Entre as bombas e o silêncio

EUGÊNIO BUCCI

SEGUNDA-FEIRA , dia 11 de março. Ansiosos, os telejornais registram o primeiro "meio-aniversário" dos atentados terroristas contra Nova York: há meio ano, há exatos seis meses, as duas torres do World Trade Center eram atingidas pelos aviões de carreira. Agora, as explosões retornam ao horário nobre. Bolas de fogo derretem os edifícios retilíneos, os bombeiros em fila correm para o próprio extermínio, uma avalanche de fuligem varre as esquinas da capital do mundo. As imagens voltam como um recado ameaçador: vivemos sob a égide das duas torres desaparecidas. Elas são as duas pedras fundamentais da novíssima ordem mundial, pedras que se instauram no instante mesmo em que viram pó. Em que desmancham no ar. A televisão as mantém em eterno processo de pulverização e sacralização. Os atentados não estão no passado. Estão no presente. São o presente.
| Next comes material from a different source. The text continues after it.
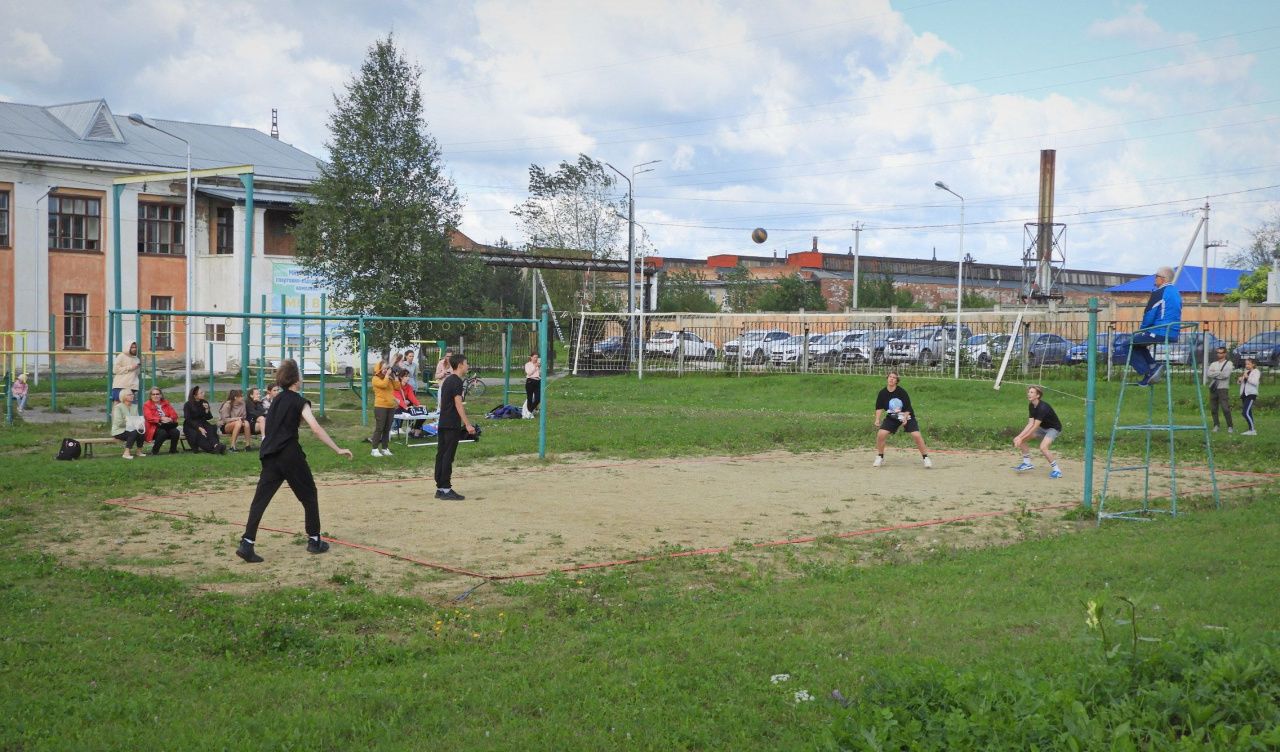 В Карпинске прошел турнир по пляжному волейболу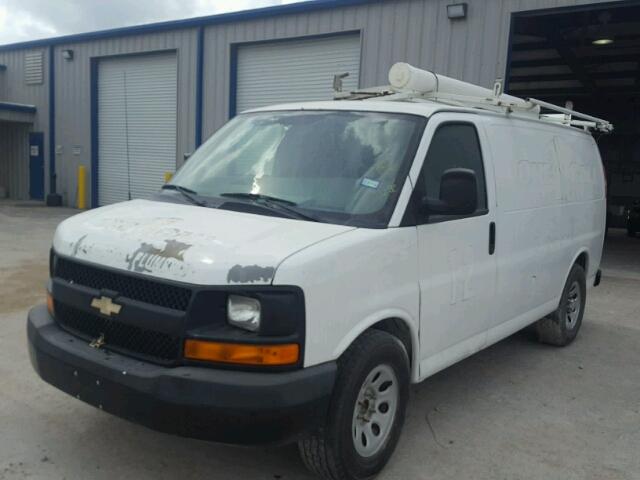 1GCSGAFX7C1110346 - 2012 CHEVROLET EXPRESS G1 WHITE photo 2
O "meio-aniversário" tem lá sua pirotecnia. Fachos de luz demarcam o espaço antes ocupado pelos dois arranha-céus de concreto. Efeitos especiais funéreos. O luto é solene, excessivo e brega. Em toda parte, autoridades, líderes religiosos e criancinhas tomam parte nas cerimônias, chorando, declamando, rezando. A data proclama que as duas torres seguirão desmoronando sem descanso. Seguirão identificando a face do mal. A televisão em gerúndio retumbante dá significado heróico aos escombros, transforma estilhaços em mártires da liberdade, legitima as novas cruzadas da América. Dá sentido a qualquer acidente, até mesmo ao ar de abdução que habita o semblante de George W. Bush. A lógica do espetáculo militarista é uma intimação compulsória, não deixa brechas, obtura os vazios, fecha todas as saídas. O telespectador não tem por onde fugir.
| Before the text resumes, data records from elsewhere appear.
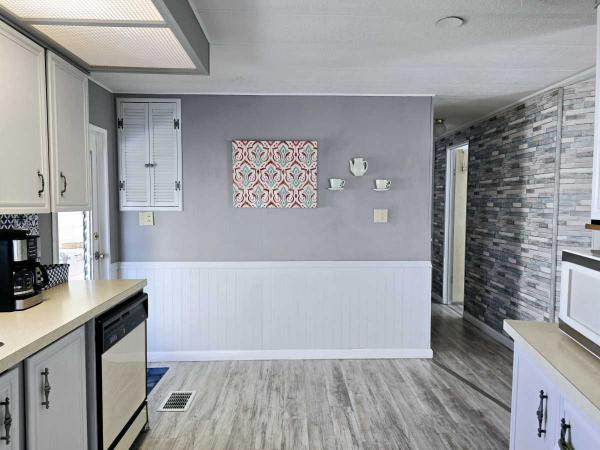 1977 Big, Beautiful Updated 2/2 pet friendly  Call Amanda today 941.706.6344  Mobile Home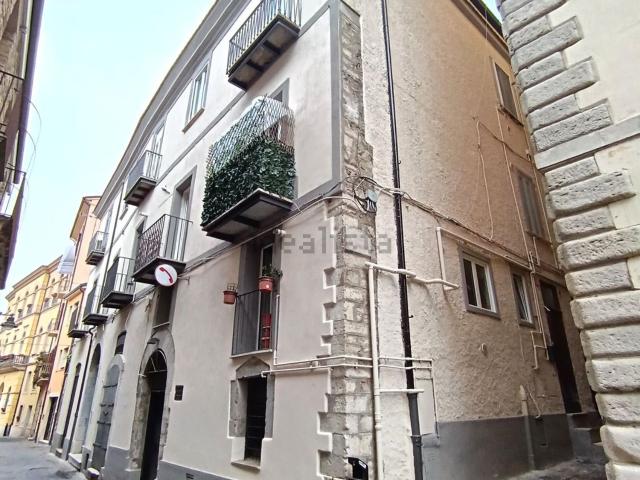 Appartamento in vendita a Santa Croce, Potenza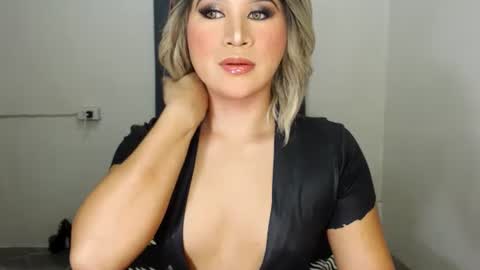 Zoe online show from February 16, 11:16 am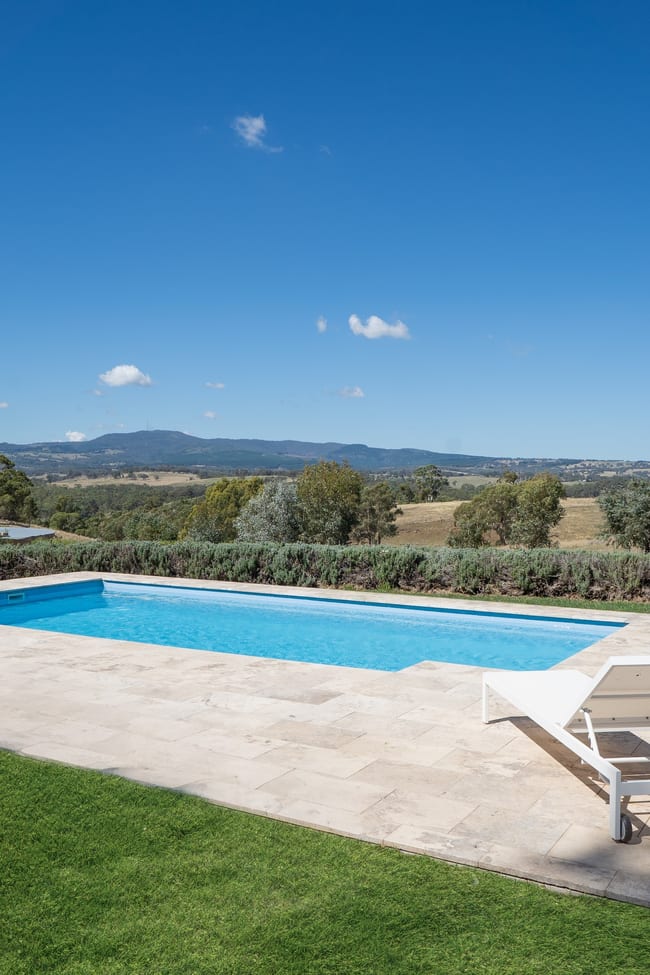 1827 The Escort Way Orange NSW 2800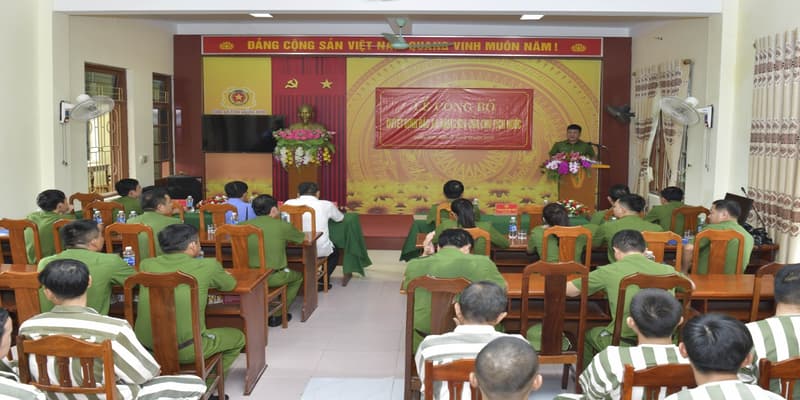 Chính sách khoan hồng do Nhà nước ban hành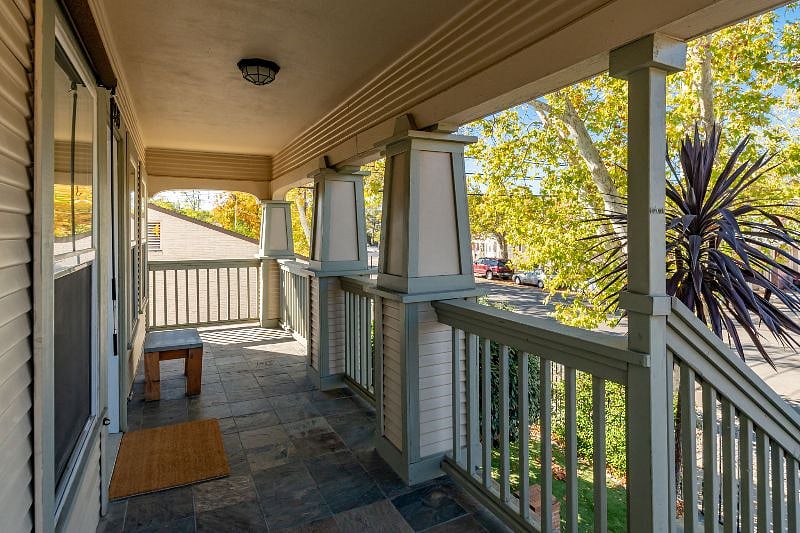 Furnished Finder property 328777_1 photo 4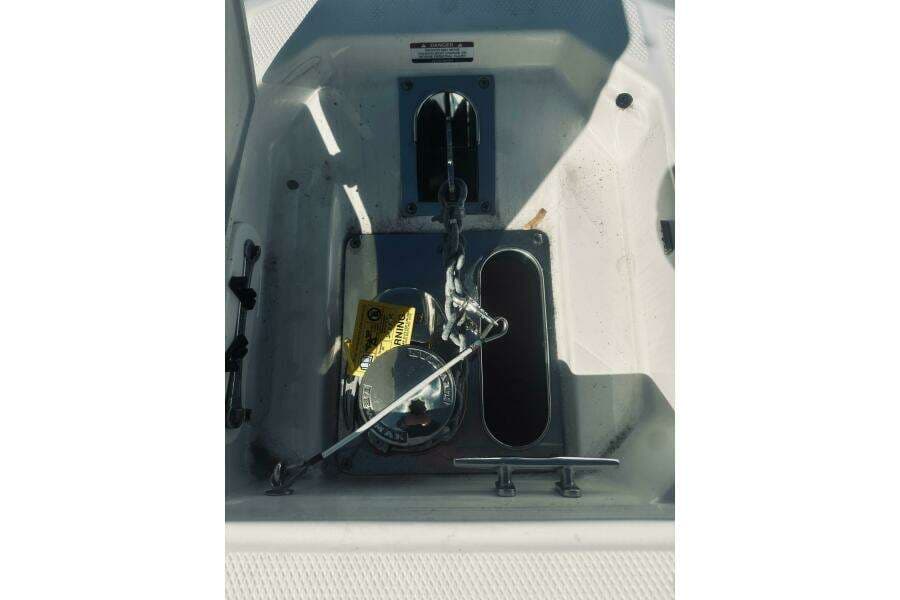 2022 Robalo R272 Center Console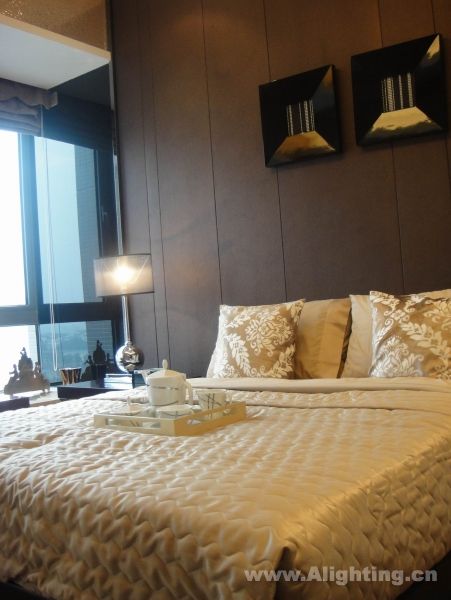 Deep tone interior decoration picture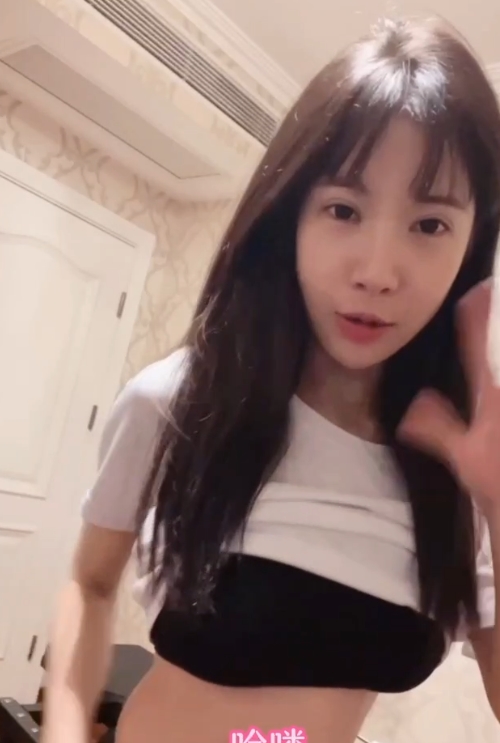 推特御姐私房77部绝赞收藏4.45G奶凶大灯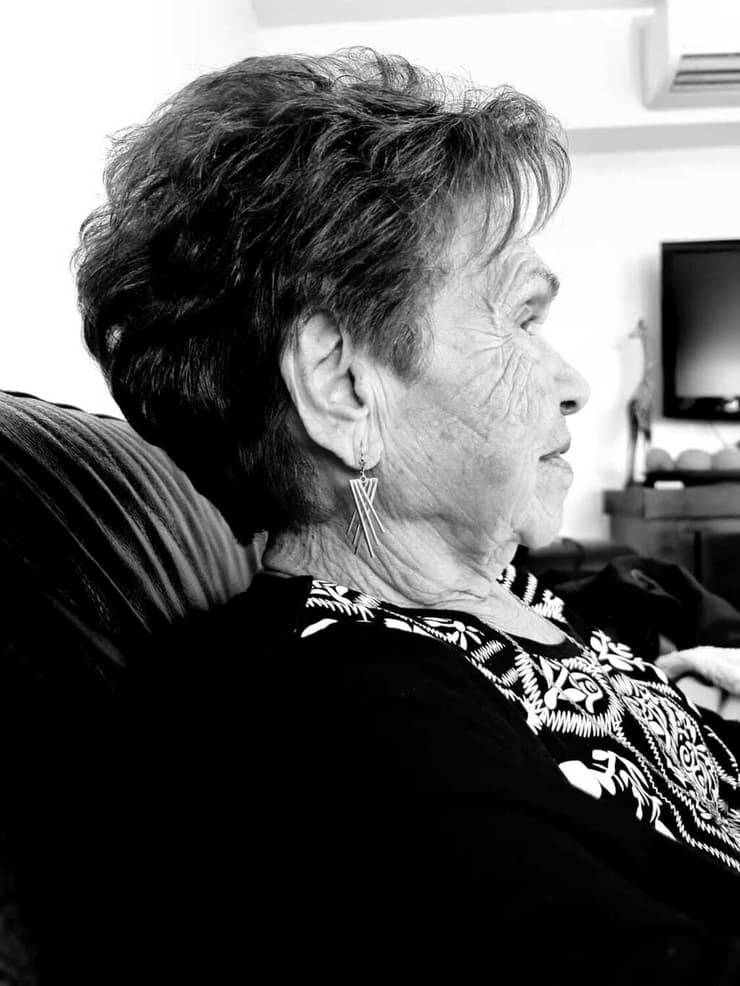 סבתא ג'ולייט עם עגיל של סולטנה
É então que, à meia-noite de terça-feira, a TV Cultura exibe o "Ensaio" com José Miguel Wisnik. Coisa estranha: aquilo parece acontecer em outro mundo, em outro tempo. O "Ensaio" tem isso de particular: qualquer que seja o músico que ali se apresenta, o programa é sempre um lapso, é sempre uma suspensão da barulheira paranóica que domina a TV. Sem pressa, o convidado canta e conta histórias à medida que recebe orientações ou perguntas de um entrevistador escondido atrás das câmeras e longe dos microfones. Entre uma fala e outra, entre uma canção e outra, o compositor mergulha em silêncios intermitentes para ouvir e encarar o seu entrevistador. Esses silêncios criam vazios. Lembram a pausa musical, mas não se confundem com ela, pois a pausa musical faz cessar o som sem quebrar o compasso e esses vazios têm o poder de quebrar totalmente o ritmo linear dos programas convencionais.
Tais vazios são o oposto da obsessão da guerra e do dinheiro, que é a de abarrotar cada fração de segundo com mensagens abundantes. São pequenos campos de força contra o apetite das armas e da grana, para as quais todo silêncio é prejuízo e tempo perdido. No "Ensaio", as canções são boas e estão a salvo, mas os silêncios são ainda melhores, porque são eles que salvam as canções. São arcos de liberdade.
Há uma certa paz no "Ensaio". Do lado de fora, a TV está em guerra santa. O terrorismo é o espetáculo. Mais que matar inocentes, mais que destruir centros de poder, o terrorismo quer ferir o olhar. É no campo de batalha do olhar que os aviões derrubam o World Trade Center. O telespectador que vê os prédios desabando é um mutilado de guerra: vê o mundo cair, ele que nem sabe levitar, tem amputadas de suas retinas as torres que encarnavam a ordem mundial. Ele não tem rota de fuga, pois também o império americano atira contra o olhar, recruta pelo olhar, reduz as platéias a pelotões imaginários, a ódio compactado. É gozado pensar nisso enquanto Wisnik toca. Ele, sim, escapa à fúria dos pelotões. Pelo que canta, pelo que diz e pelo que silencia. O resto é apenas bombardeio.